サイモン・シャーマ著『風景と記憶』(Landscape and Memory)を読みました。2段組みで650ページを超える大著です。本の性格上、多数の図版(カラー図版を含む)を収録しています。さすがに読み通すのに時間がかかりました。

 

 帯に従来の歴史学の手法を捨て去るとあり、著者は歴史学者のようです。個人的には歴史の要素を含みつつも、景観論、美術論、神話論などを含んだ、極めて学際的な本という印象をもちました。

 

 リトアニアの森の話から始まります。そこからドイツの森の話になり、第一部のテーマは「森」です。第二部のテーマは「水」で、ナイル川、ライン川などの話になります。第三部は「岩山」になり、アメリカのラシュモア山(アメリカの大統領の顔の像で有名ですが、ここに女性像を作る計画があったというのは本書で初めて知りました)や、アルプスの話になります。ウィンバーの『アルプス登攀記』も言及されていますが、かつて魔が棲むとされた山にヨーロッパ人たちがいかに登るようになったかについては、以前から関心がありました。四部では森、水、岩山すべてを合わせて、古代ギリシアの理想郷「アルカディア」などの話になります。

 

 「風景とは、木と水と岩に投影された人間の想像力そのものなのだ。

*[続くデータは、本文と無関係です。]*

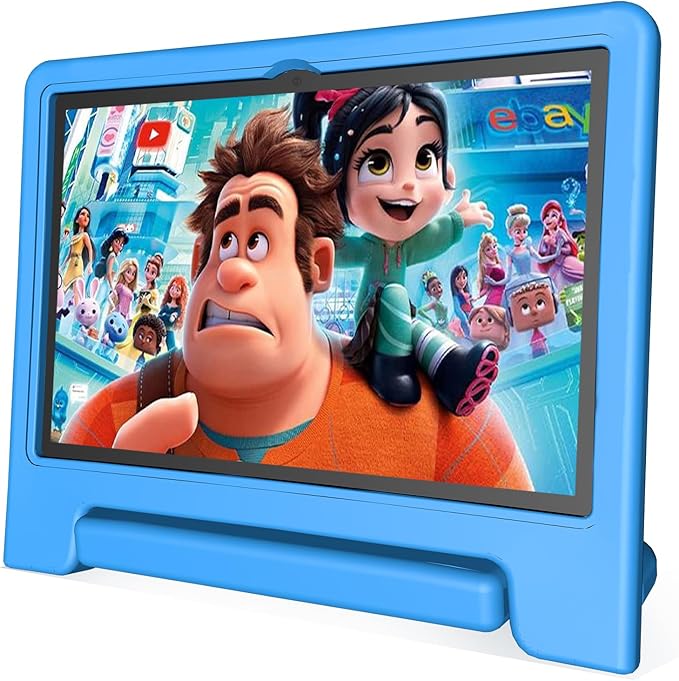 JREN Tablet for Kids｜10 Inch Kids Tablet Android 14｜Octa-core｜64GB｜WiFi ｜Bluetooth｜Parental Control｜Children Content｜Children Toddler Blue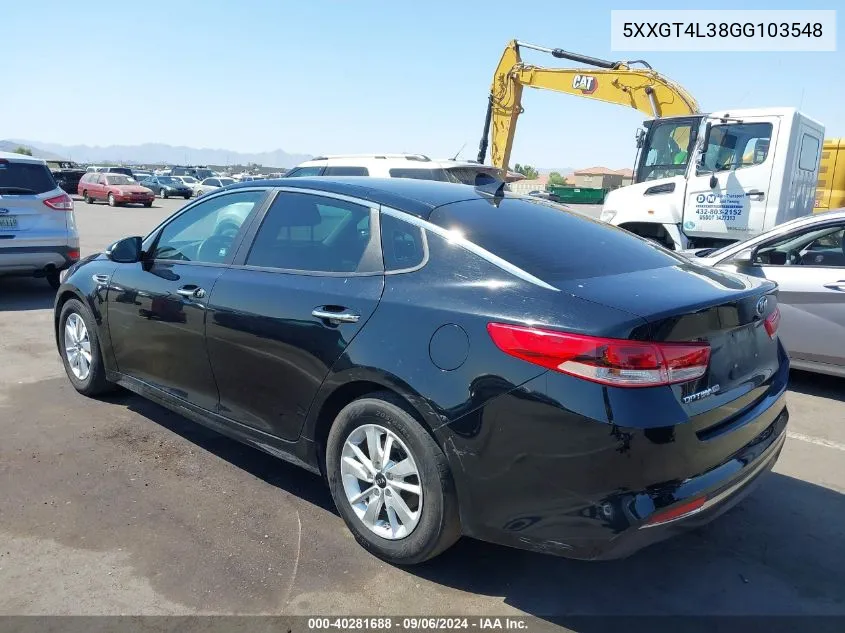 5XXGT4L38GG103548 2016 Kia Optima Lx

それは自然である前に文化であり、人間の心が創り上げたものにほかならない。」とあります。確かに、人間は感覚器官を通して知覚したものを脳内で認識するわけで、外界はすべて文化といってもいいくらいです。風景も自然ではなく文化だと思います。人間の心が変化すれば風景も変化する。心の持ちようで風景も変わる、というわけです。それらを例えばジョン・コンスタブルや、J・M・ターナー、二コラ・プーサンらの風景画を引用しながら論じています。

 

 とにかく厚い本で読み通すには根気がいると思います。